Thanksgiving is an American tradition, not a religious holiday. And yet I find myself looking to God, and to my Church and its traditions this year. Maybe it's because I miss my own family's traditions... the ones we shared for years in Jackson, Mississippi, at my Aunt Barbara Jo and Uncle Dan's house. There would always be a house full of cousins, aunts, uncles, parents, grandparents, and sometimes friends. The food was amazing (the BEST dressing ever. This is not up for discussion) but the family time is what I miss. You see, my family (maybe like yours?) was pretty dysfunctional in many ways, but somehow on Thanksgiving we managed to be, well, thankful.
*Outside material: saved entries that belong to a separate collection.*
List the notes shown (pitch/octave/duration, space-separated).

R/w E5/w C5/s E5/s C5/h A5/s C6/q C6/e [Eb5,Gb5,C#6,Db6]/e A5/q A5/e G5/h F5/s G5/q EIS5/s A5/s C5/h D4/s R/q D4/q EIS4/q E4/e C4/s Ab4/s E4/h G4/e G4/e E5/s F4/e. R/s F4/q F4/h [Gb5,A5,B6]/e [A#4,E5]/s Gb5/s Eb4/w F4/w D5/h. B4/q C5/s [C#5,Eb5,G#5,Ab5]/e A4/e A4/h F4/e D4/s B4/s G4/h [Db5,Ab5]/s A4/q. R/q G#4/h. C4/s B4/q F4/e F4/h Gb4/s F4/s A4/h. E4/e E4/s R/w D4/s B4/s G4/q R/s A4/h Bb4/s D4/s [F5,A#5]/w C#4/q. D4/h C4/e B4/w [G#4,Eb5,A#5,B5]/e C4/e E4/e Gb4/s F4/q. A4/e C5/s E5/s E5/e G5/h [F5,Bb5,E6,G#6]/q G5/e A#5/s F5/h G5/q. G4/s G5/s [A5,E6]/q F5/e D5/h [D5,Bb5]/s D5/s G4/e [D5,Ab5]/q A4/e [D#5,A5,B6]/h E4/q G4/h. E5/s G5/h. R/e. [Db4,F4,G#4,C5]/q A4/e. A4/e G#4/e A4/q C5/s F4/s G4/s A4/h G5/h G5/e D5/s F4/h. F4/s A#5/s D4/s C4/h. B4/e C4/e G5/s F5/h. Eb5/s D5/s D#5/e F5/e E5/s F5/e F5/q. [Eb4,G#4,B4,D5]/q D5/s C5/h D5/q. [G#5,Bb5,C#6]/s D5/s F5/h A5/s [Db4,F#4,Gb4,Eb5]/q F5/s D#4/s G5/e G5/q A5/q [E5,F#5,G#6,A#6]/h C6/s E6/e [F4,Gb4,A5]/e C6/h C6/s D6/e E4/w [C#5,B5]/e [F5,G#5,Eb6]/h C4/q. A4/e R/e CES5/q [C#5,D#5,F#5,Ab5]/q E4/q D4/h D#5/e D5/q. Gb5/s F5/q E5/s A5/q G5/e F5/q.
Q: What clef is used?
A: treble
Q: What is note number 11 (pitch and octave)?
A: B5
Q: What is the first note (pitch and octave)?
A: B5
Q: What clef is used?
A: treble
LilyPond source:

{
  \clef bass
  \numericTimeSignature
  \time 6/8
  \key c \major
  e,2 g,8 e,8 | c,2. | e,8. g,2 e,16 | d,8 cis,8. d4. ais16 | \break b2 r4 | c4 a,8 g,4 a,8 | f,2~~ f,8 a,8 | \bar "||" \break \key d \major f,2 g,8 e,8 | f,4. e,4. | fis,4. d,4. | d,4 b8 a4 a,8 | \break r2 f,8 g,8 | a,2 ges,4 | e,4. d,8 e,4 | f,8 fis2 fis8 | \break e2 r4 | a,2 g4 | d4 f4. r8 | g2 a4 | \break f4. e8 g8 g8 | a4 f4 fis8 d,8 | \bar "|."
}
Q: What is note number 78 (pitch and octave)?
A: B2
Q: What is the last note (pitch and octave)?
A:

So this Thanksgiving I have much to be thankful for, but I've been battling this funk (see previous posts about acedia, etc.) and also kinda wishing I had all "my people" here with me in Memphis. Where are they?
My mother, who has Alzheimer's and won't remember what day it is, is in a nursing home in Mississippi. Our oldest son, Jonathan, is in Jalalabad, Afghanastan, flying helicopters for the Army. He just sent me an instant message a few minutes ago and hopes to be able to call us tomorrow. This is his first time in Afghanastan (he's only been there a couple of weeks) but he's done two tours in Iraq.
My younger son, Jason, and his wife, See and their daughter, Grace, are in Denver, but "Pops" and I are flying out to see them first thing in the morning, and for that I'm very thankful!
And, our daughter, Beth, is already there... she flew out tonight and will be there when we arrive tomorrow. So, there will be 6 of us at Jason and See's apartment for Thanksgiving, and for that I'm also thankful.(Just for fun, here's a picture of Beth in kindgergarten, being an Indian at Thanksgiving. That's Granny Effie and me with her.... you can tell it's the 80s by the hair:-)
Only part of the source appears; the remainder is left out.